# Schwann S seat re-furb



## marching_out (Apr 20, 2017)

I want to paint the pan of an S seat and wonder if anyone has tips on how to remove the vinyl cover? I think I saw some people using a heat gun or hair dryer to make it more pliable. How difficult is it?


----------



## ricobike (Apr 20, 2017)

It can be a little challenging.  I used to let them sit on the dashboard of my car in the summer and get fairly hot, then use gloves to keep from burning my hands in order to pull the cover off.  They would pull right off that way.  A heat gun would probably work too.  Just have to get it warm enough so it's pliable.  Sometimes stretching the bottom of the vinyl will discolor it a bit, but it's the bottom so you don't have to worry about it.  Maybe try it on a saddle you don't care about to get used to it.  Good luck!


----------



## marching_out (Apr 21, 2017)

Thank for the tip!

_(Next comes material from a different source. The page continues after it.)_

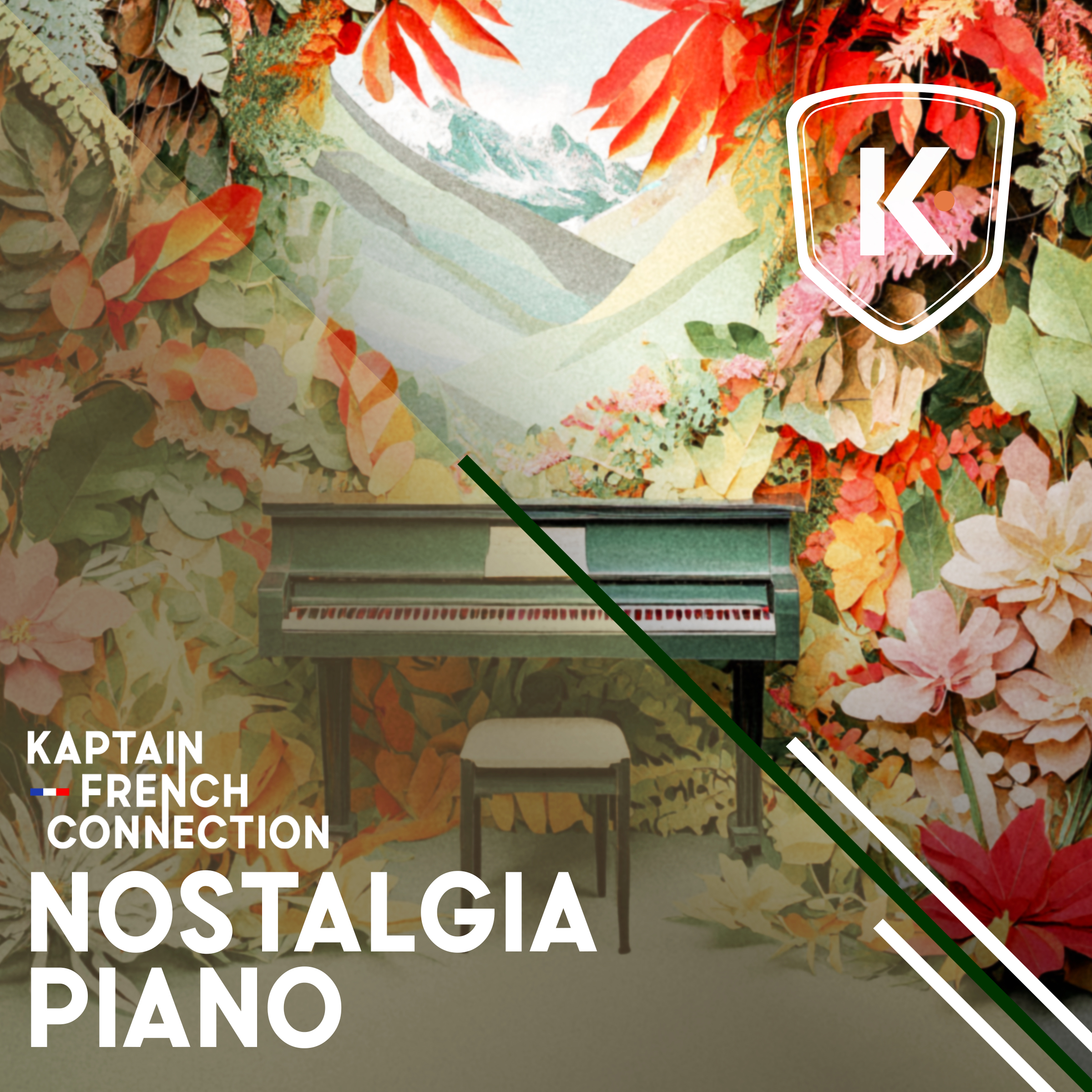 Nostalgia Piano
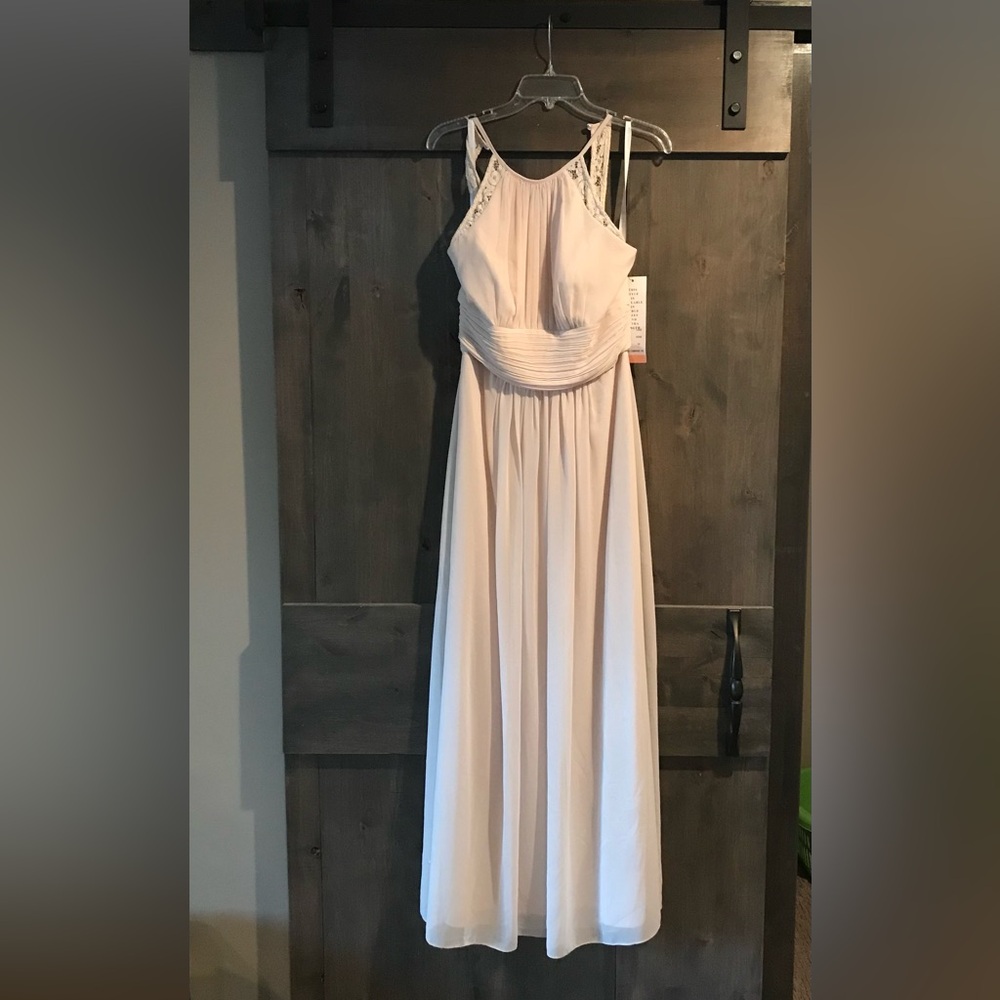 Bill Levkoff bridesmaids dress or formal new Size 10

I do have an extra seat I can practice on. I just need enough sun and heat now to try it. The midwest you know...75 one day 50 the next.


----------



## spoker (Apr 21, 2017)

no rivits?


----------



## fordmike65 (Apr 21, 2017)

Schwann?


----------



## marching_out (Apr 21, 2017)

No rivets. Not sure why this thing is automatically wanting to spell Schwann instead of Schwinn. I saw that after I posted and obviously didn't read before posting.


----------



## GTs58 (Apr 21, 2017)

Keep this quiet and don't tell anyone my secret way.    After removing the springs and other hardware I soak the seat in scalding hot water. It softens up the vinyl along with giving it some lubrication.


----------